# New Situation. New information.



## sunflower (Dec 15, 2008)

We had our really good friends Jimmy at our house this weekend and well it was brought up by him and our other friend that maybe I should go see someone to help me with my issues and they think that the thing with my Husband just brought something out. That I put away. But we were talking about that night of with my husband and ex friend well me and my friend Jimmy went to the garage where they were then they came in so we stayed out there talking and I was crying. And Jimmy said that was two hours. That mean that My husband and her were in that room for two hours???????? I dont know what to do its bringing back all my anxious feelings again. He said NOTHING happend in well I have to believe cause if it did happen in that room he wouldnt have to convince her in the garage after we came up to the room right????? GEEZ I really wish I had someone to talk with me right now that makes me feel like I am not insain..


----------



## sunflower (Dec 15, 2008)

I think that I am going to contact the friend the ex friend and be like ok so this is what Jimmy is saying? So I dont know if its being stirred again or what? but what do you think?


----------



## Tim (Mar 24, 2009)

Sunflower, 
its hard to decifer your writing and exactly whats going on. Did you allow those same friends over that you had strip poker with and your husband cheated on you with?

Why did you do that?

Your not moving on at all. 

From what I'm seeing here, you are traumatized by something that happened in your life before you ever got married, probably when you were young. Did someone abuse you or molest you? I know that sounds personal, so you dont have to answer here, but you need to be aware that this is where your behavior is coming from. You have no boundries Sunflower....

You are yearning for this drama. You need it because your stuck in the trauma that you experienced in you adolescence. You are afraid of it coming out so you are using the current drama in your life to try to cope with what you have been avoiding your whole life. This is why you refuse counselling, and this is why you are putting your family in these situations. Most child victims refuse counselling because they are afraid of their demons to come out, and instead relive their childhood trauma by setting themselves up.

Your life is spiralling out of control. This is not healthy at all. You need to see a counsellor.


----------



## sunflower (Dec 15, 2008)

No it wasnt those people that we played with just Jimmy our friend thats friends with all of us. He had said that night that me and him talked in the garage for like 2 hours. So it got me thinking OMG if we talked in the garage two hours that means they were all alone for two hours in my room. And I wasnt molested as a child my father wasnt home EVER he works for the military but I dont think that ever botherd me? I dont know I guess I went throught that not so cute thing in high school and rejection seeing my friends get the guys all the time and now its I get the attention and I think just him doing that and me feeling rejected OUCH. I felt unloved. It was so hard to feel that SO HARD.


----------



## Tim (Mar 24, 2009)

Ok. I'm still having a hard time figuring out the details that your bringing up, but please do not stir this up by talking to your ex friend about it again.

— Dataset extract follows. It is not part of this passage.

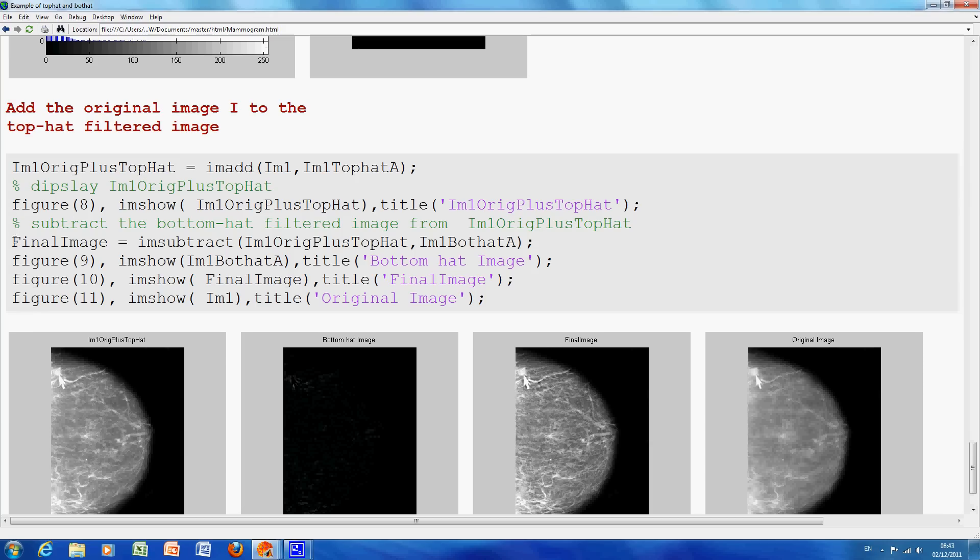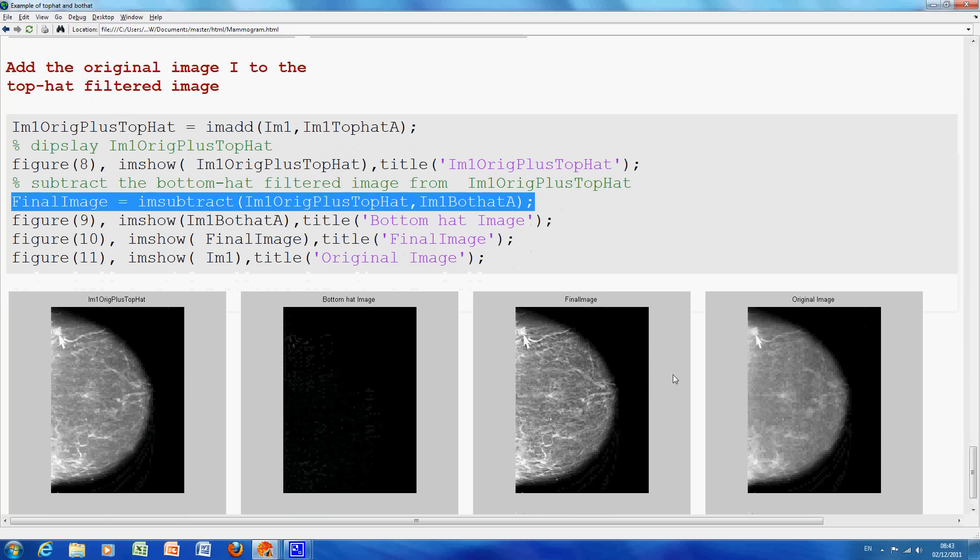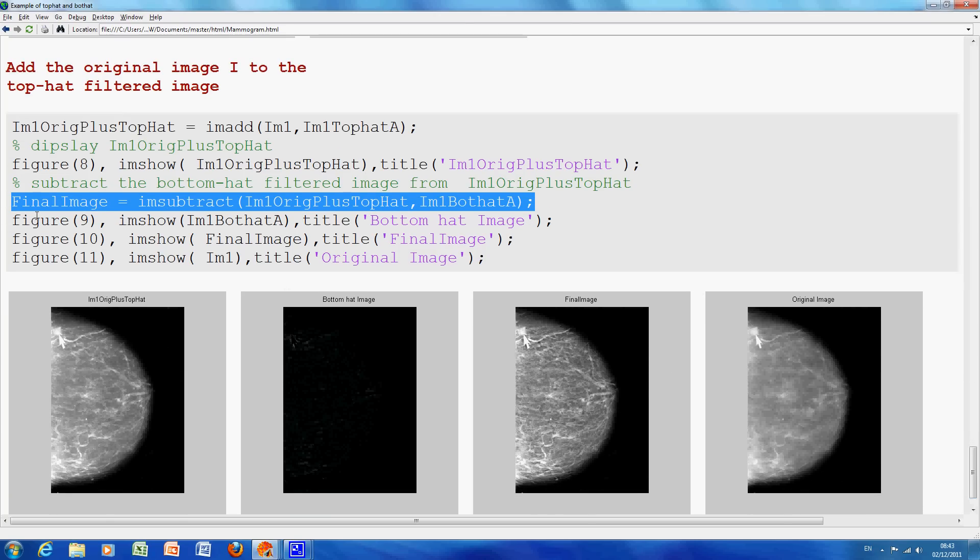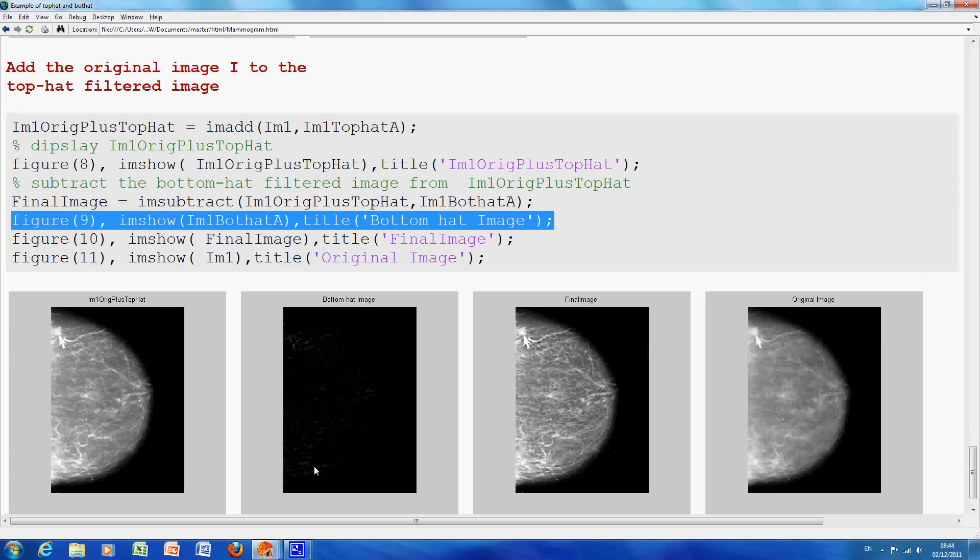Figure nine, or so not figure nine, just before figure nine, the final image, it's IM one plus the TopHat, less the BotHat. So, on figure nine here, which I mentioned a little earlier, there's the BotHat image, which is a bit hard to see, but you can see there are little flecks of white just there, and those little flecks of white are the intensity drops.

And about your dad. This absolutely has to do with you family situation while you were growing up. Take all this to a therapist please, and be very honest about your behavior. Bring your husband along too for couples therapy. 

Haven't you had enough of living like this? It needs to stop, it will hurt your marriage and your kids in the end, not to mention you!


----------



## sunflower (Dec 15, 2008)

Sorry lol. When I get all hurt and sad I dont make any sense OBVIOSULY! but ya I know what you are saying I am just trying to say that I am so worried something happend in that room I mean really TALKING for two hours REALLY. And I dont want to be made a fool of and stay with the scum if he slept with her you know. NO WAY.


----------



## MsStacy (Nov 11, 2008)

Ok...stop freaking out and _really think _about this for a minute.

*Do you truly believe your husband would have sex with this woman while you are in the next room?*

STOP...Read that question again!

Put all your emotions aside. Put away all the crazy thoughts and feelings from the last few months. Stop and listen to what your head is telling you. Do you really believe your husband would have sex with another woman when you are in the very next room and could walk in at any time? Take the time to completely consider this question and what your answer is. 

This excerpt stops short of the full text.